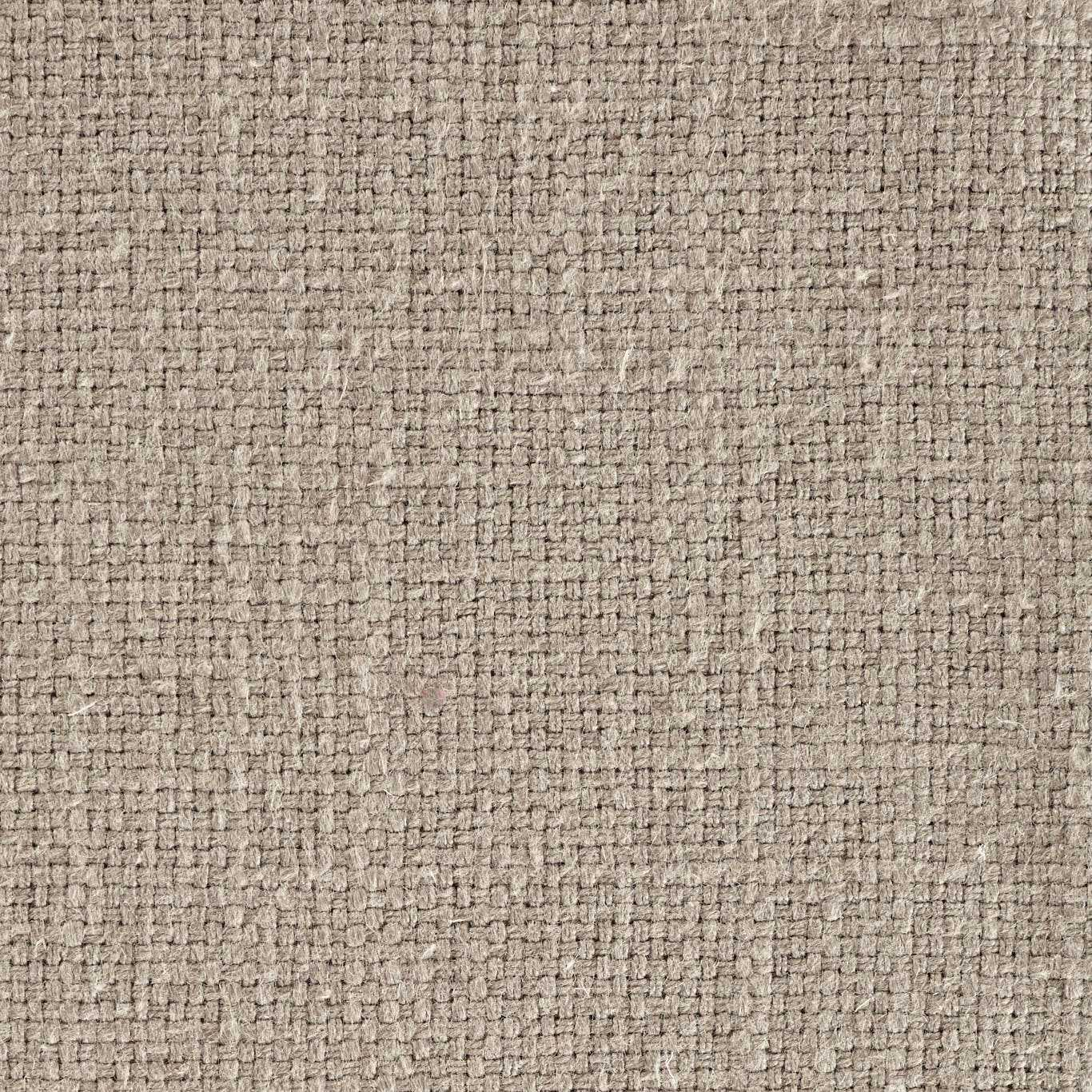 Sanderson Tuscany II Field Mushroom 237128 Fabric Sample DTUC237128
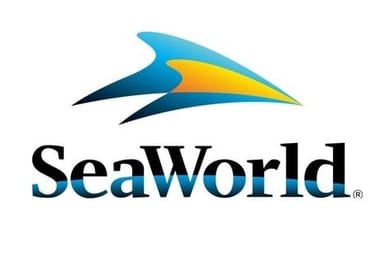 SeaWorld дахь далайн гахайн үндэсний өдөр
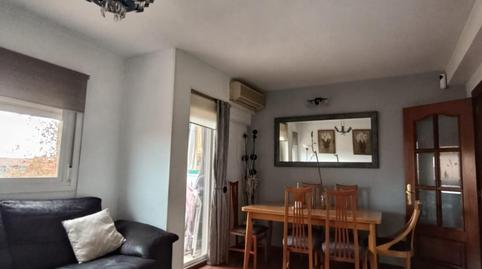 Photo 2 of Flat to rent in Calle Mestanza, Entrevías, Madrid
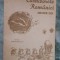 Carnivorele Romaniei- autor Constantin Sova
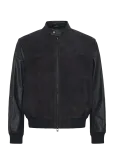 Armani Exchange - Blouson Jacket - Bomber-jakid - L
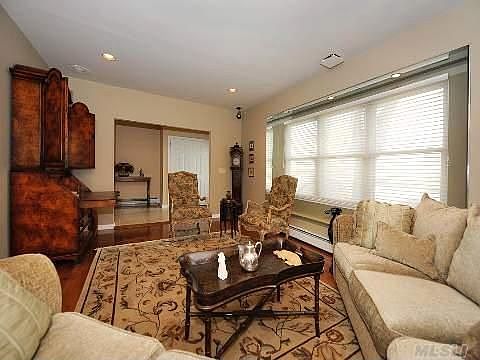 2nd image of 23 Carol St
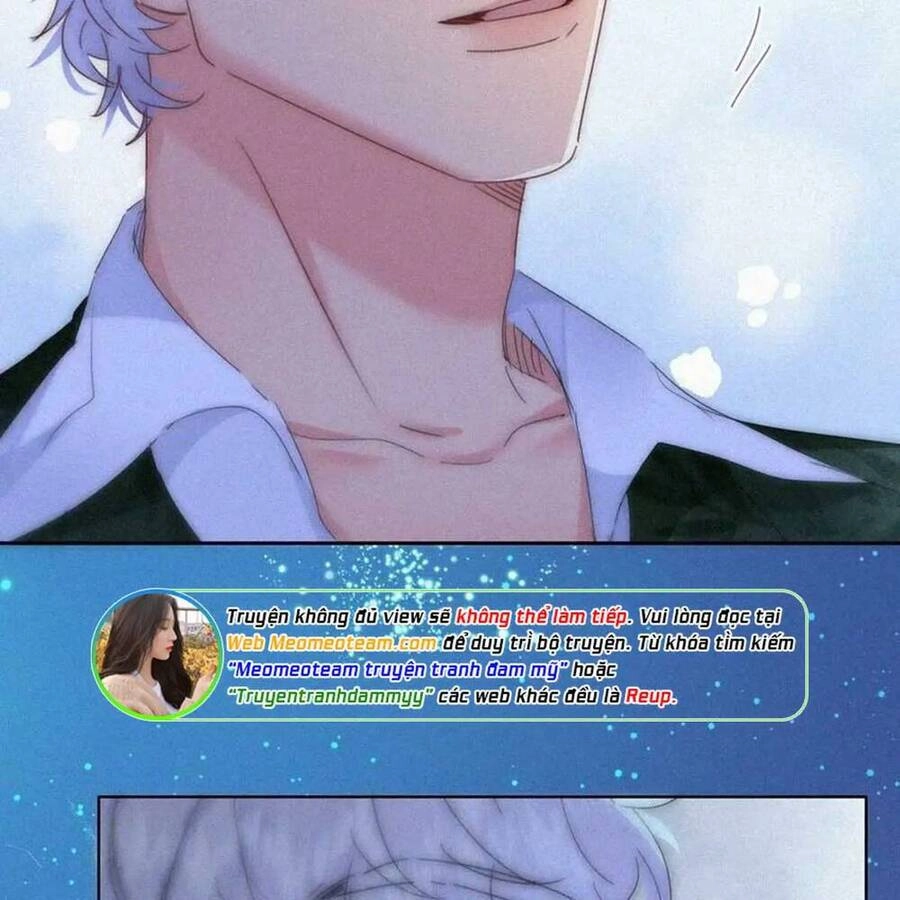 Nghịch Tập Chi Hảo Dựng Nhân Sinh Chapter 328 - 37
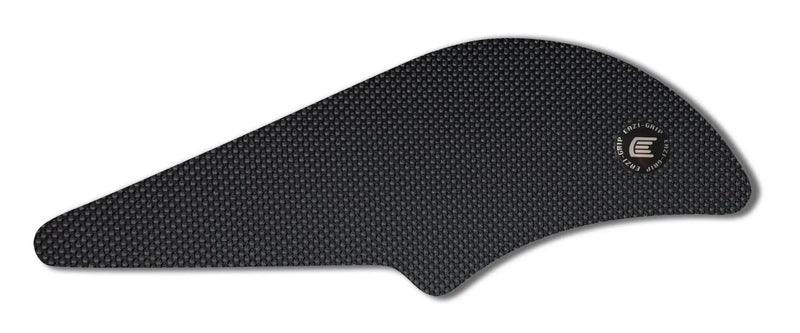eazi grip motorcycle tank grips honda vfr800 2014 2021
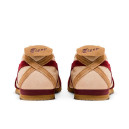 Asics Mexico 66 SD Beige Beet Juice 1183C015-202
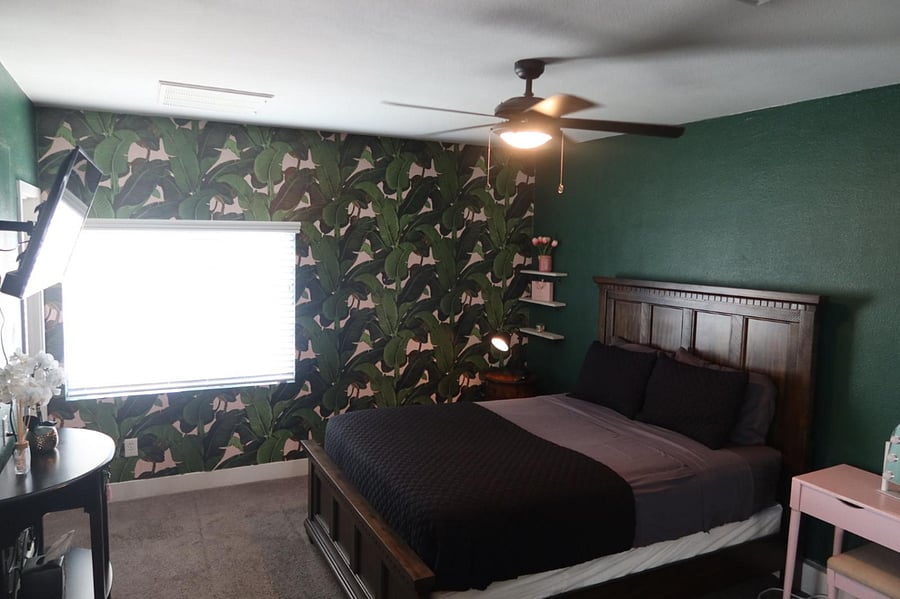 Furnished Finder property 916594_1 photo 8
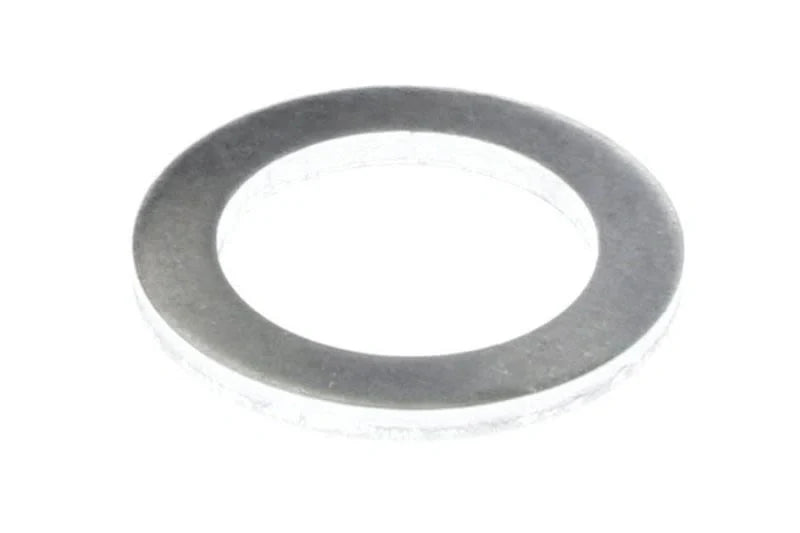 BMW M57 intake air temperature sensor 13627792203 product image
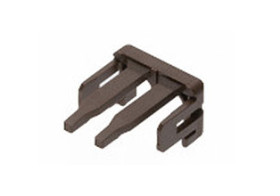 Wspornik Molex Złącza 504693, złącza 504694, złącza 505605, złącza 505606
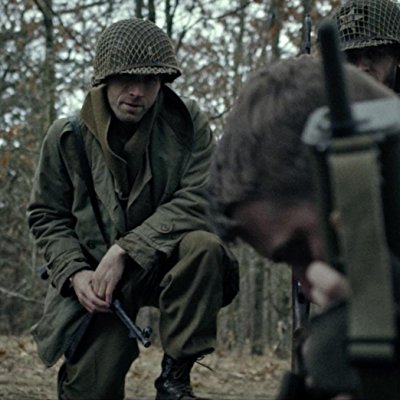 Corporal Pesce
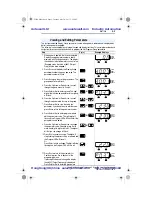 Preview for 43 page of Allen-Bradley PowerFlex40 User Manual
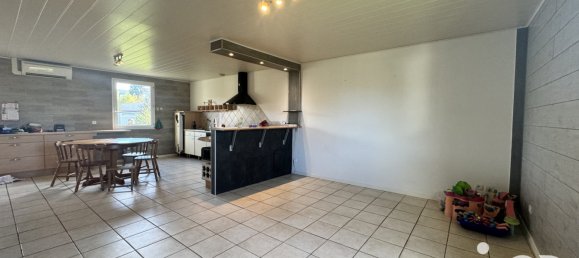 6-salle Maison à Mandray, France No. 213653 15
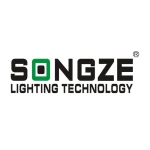 Zhongshan Songze Lighting Technology Co., Ltd.
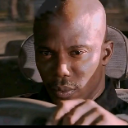 emoji_39 Discord Emoji - 𝐃𝐌𝐍  𝐂𝐎𝐌𝐌𝐔𝐍𝐈𝐓𝐘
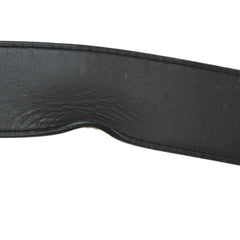 Louis Vuitton Travelling Requisites Belt Leather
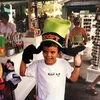mrfredpr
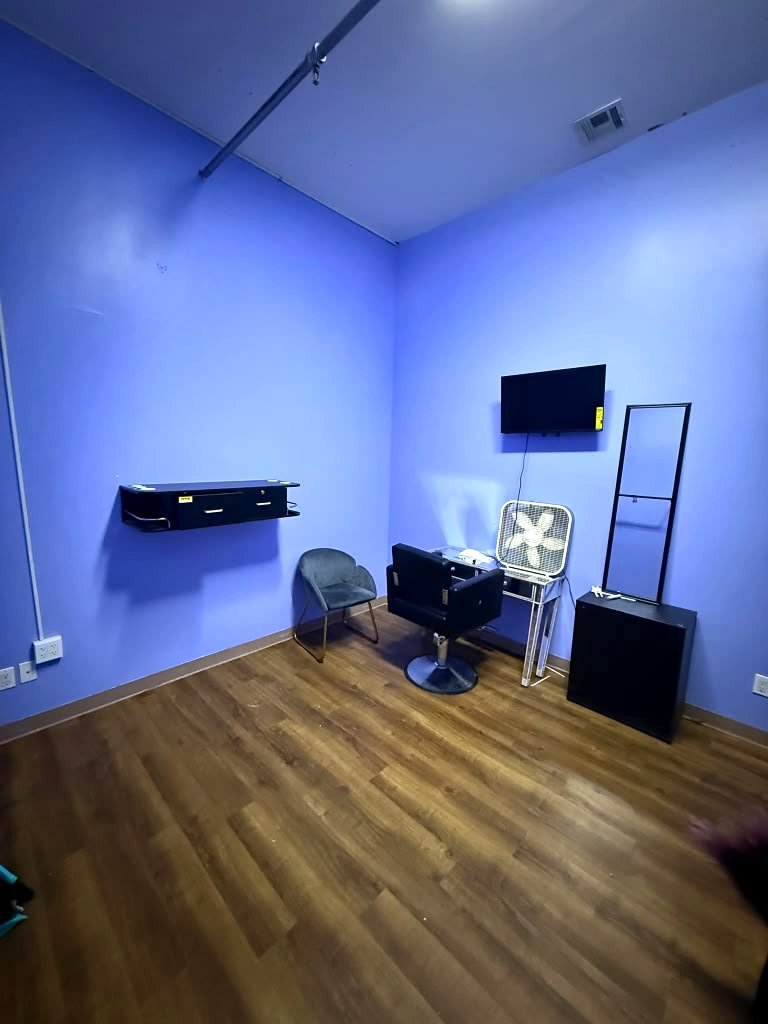 Studio 204 at Covert Station, 1001 Irving Ave, Ridgewood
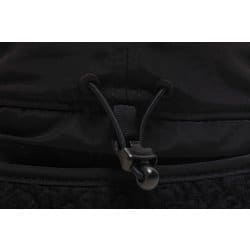 ヨドバシ.com - マムート MAMMUT フリースキャップ Fleece Cap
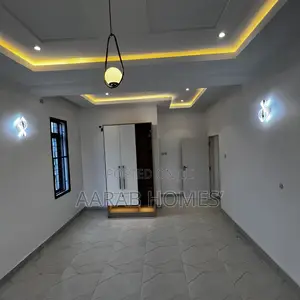 2bdrm Block of Flats in Gwarinpa for rent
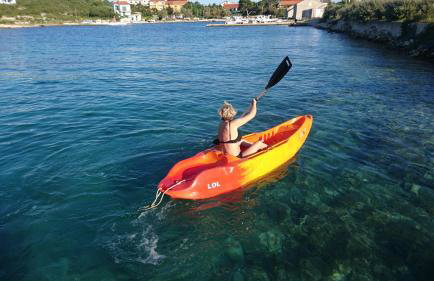 Cosy house by the sea - Foto 68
★ ★ ★ ★ ★ ★ ★
Return each record as written, minus its images.

Response to this exercise:
 Sanderson Tuscany II Field Mushroom 237128 Fabric Sample DTUC237128
 SeaWorld дахь далайн гахайн үндэсний өдөр
 Photo 2 of Flat to rent in Calle Mestanza, Entrevías, Madrid
 Carnivorele Romaniei- autor Constantin Sova
 Armani Exchange - Blouson Jacket - Bomber-jakid - L
 2nd image of 23 Carol St
 Nghịch Tập Chi Hảo Dựng Nhân Sinh Chapter 328 - 37
eazi grip motorcycle tank grips honda vfr800 2014 2021
 Asics Mexico 66 SD Beige Beet Juice 1183C015-202
 Furnished Finder property 916594_1 photo 8
 BMW M57 intake air temperature sensor 13627792203 product image
 Wspornik Molex Złącza 504693, złącza 504694, złącza 505605, złącza 505606
 Corporal Pesce
 Preview for 43 page of Allen-Bradley PowerFlex40 User Manual
 6-salle Maison à Mandray, France No. 213653 15
 Zhongshan Songze Lighting Technology Co., Ltd.
 emoji_39 Discord Emoji - 𝐃𝐌𝐍  𝐂𝐎𝐌𝐌𝐔𝐍𝐈𝐓𝐘
 Louis Vuitton Travelling Requisites Belt Leather
mrfredpr
 Studio 204 at Covert Station, 1001 Irving Ave, Ridgewood
 ヨドバシ.com - マムート MAMMUT フリースキャップ Fleece Cap
 2bdrm Block of Flats in Gwarinpa for rent
 Cosy house by the sea - Foto 68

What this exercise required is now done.